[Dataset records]
----

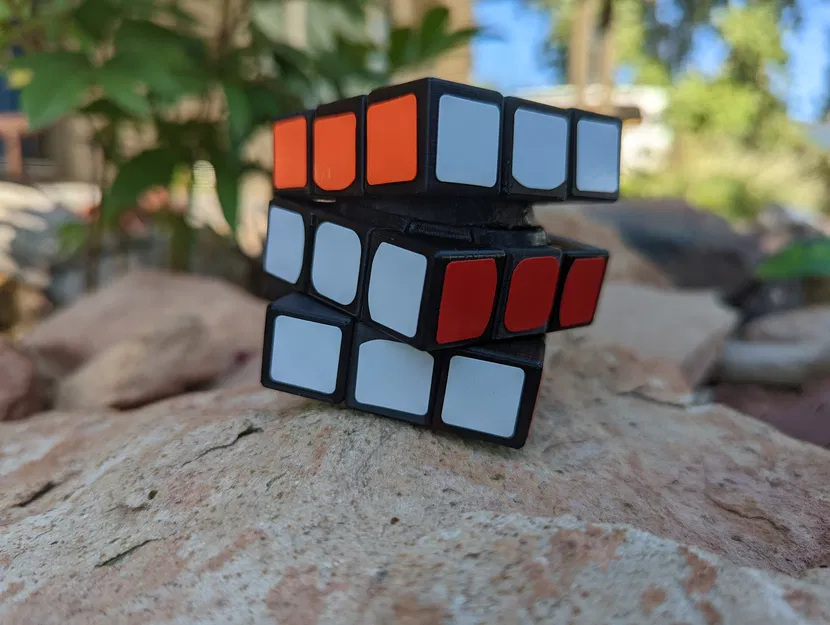 Hộp đựng Khối Rubik Hoạt động được - Image 3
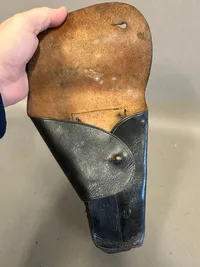 Originalt Canadisk pistolhylster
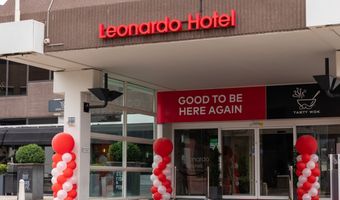 Apollo Hotel Lelystad City Centre omgetoverd tot Leonardo Hotel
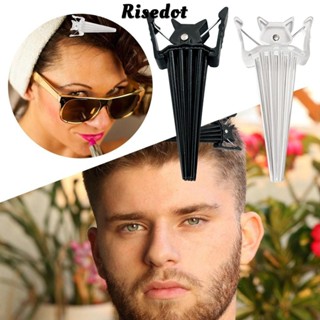  Kẹp tóc tạo phồng chân tóc RISEDOT nhựa tự nhiên không hằn vết thiết kế 8 răng 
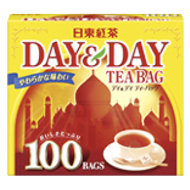 Day&Day Tea Bag from Nittoh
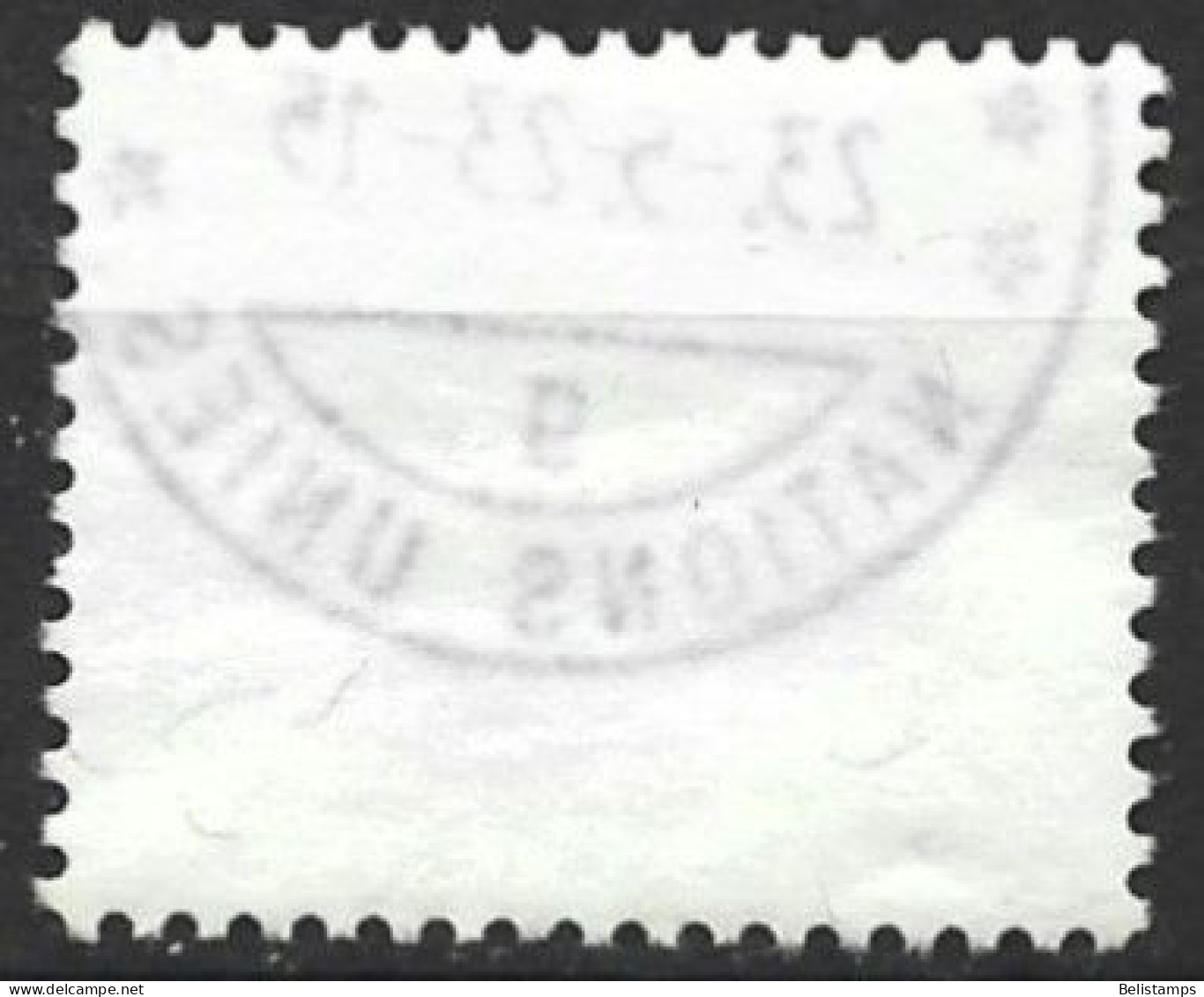 United Nations, Geneva 1969. Scott #3 (U) Three Men United Before Globe - Used Stamps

----

— What the task asks —
Keeping the pictures out, print the entries above exactly as written.

— Result for this exercise —
 Hộp đựng Khối Rubik Hoạt động được - Image 3
 Originalt Canadisk pistolhylster
 Apollo Hotel Lelystad City Centre omgetoverd tot Leonardo Hotel
  Kẹp tóc tạo phồng chân tóc RISEDOT nhựa tự nhiên không hằn vết thiết kế 8 răng 
 Day&Day Tea Bag from Nittoh
 United Nations, Geneva 1969. Scott #3 (U) Three Men United Before Globe - Used Stamps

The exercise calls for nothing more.